Fraudster emails can, actually, easily be identified: they will likely contain misspellings, bad grammar, the generic “Ms” or “Mr” instead of a user's name; the text will also sound urgent and scary and prompt for immediate action, or promise free stuff, coupons or refunds.
Digital Skimming Stays in the Trend
Another more elaborate scam is digital skimming, also known as a Magecart attack, named after the popular open-source eCommerce platform Magento. That is when fraudsters inject malicious code into a website to collect online payment data. Although it is usually not possible for a regular user to identify websites corrupted in that way, there are some things that users can do to protect themselves:
- Not save credit card data on online shopping sites,
- Enable transaction alerts for their credit cards
- Use a third-party payment method, like Google Wallet, PayPal, or Apple Pay
- Never make online payments when using public WiFi networks.
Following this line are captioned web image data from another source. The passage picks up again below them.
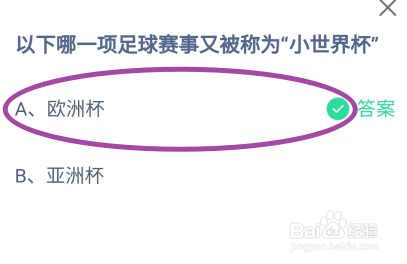 蚂蚁庄园2024年7月5日哪项足球比赛称为小世界杯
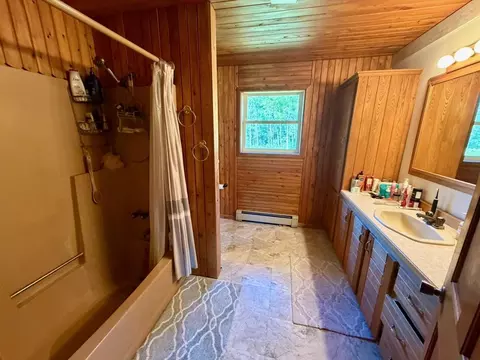 Bath - 12503 Sethers Rd, Orr, MN 55771 photo 1 of 2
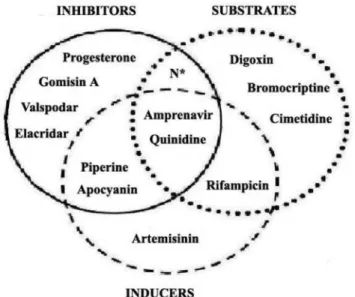 FIGURE 2  – Venn diagram distinguishing the interaction of  different compounds with P-gp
For the first few months of 2022 only, cyber security researchers have reported over 70,000 online shops that had digital skimmers installed at some point. That number rises to 100,000 if supply chain victims are included.
A New Louis Vuitton Fashion “Sale” Emerged Recently
Another email scam has been observed in the past weeks, known as the “Louis Vuitton” scam. The emails have the subject line “Black Friday Sale. Starts at $100. You’ll Fall In Love With Prices” and go out from the following email address: “email@example.com. “ Two malicious links within the email redirect to the domain: “jo.awojlere.ru.” The scammers here claim to be selling genuine LV jewelry at discounted prices as part of a Black Friday sale. The same fashion brand has also been the subject of several other fake websites with domains like “87off-bags.co”, “89off-bags.co”, “88off-bags.co”, and “86off-bags.co”. All of these fake websites look like the legitimate Louis Vuitton site and reach out to users via email with the subject line: “[black Friday sale] Louis Vuitton bags up to _% off! Shop online now!” These domains have been involved in nearly 15,000 incidents since the end of October.
Also, again a campaign impersonating the well-known delivery company DHL is running this month. The phishing emails come from a webmail address “firstname.lastname@example.org” and pretend to have been sent from “SHIPMENT TRACKING.” A malicious link, “https://lutufedo.000webhostapp.com/key.php,” is attached to the content, and here the attackers aim to steal user credentials by claiming that they needed to pay €1.99 to complete the delivery of a non-existent order.
Other seasonal schemes that surface around year-end are gift exchange schemes like “Secret Sister” or “Secret Santa.” There are also numerous faux charity campaigns, whereby the fraudsters again impersonate in various ways legit charitable institutions to gain the trust of generous givers.
Computer security experts and even many large retail shopping outlets are warning consumers this year to take measures to avoid such scams during Black Friday and Cyber Monday, which will not only save them money but the aggravation of attempting to get their money back.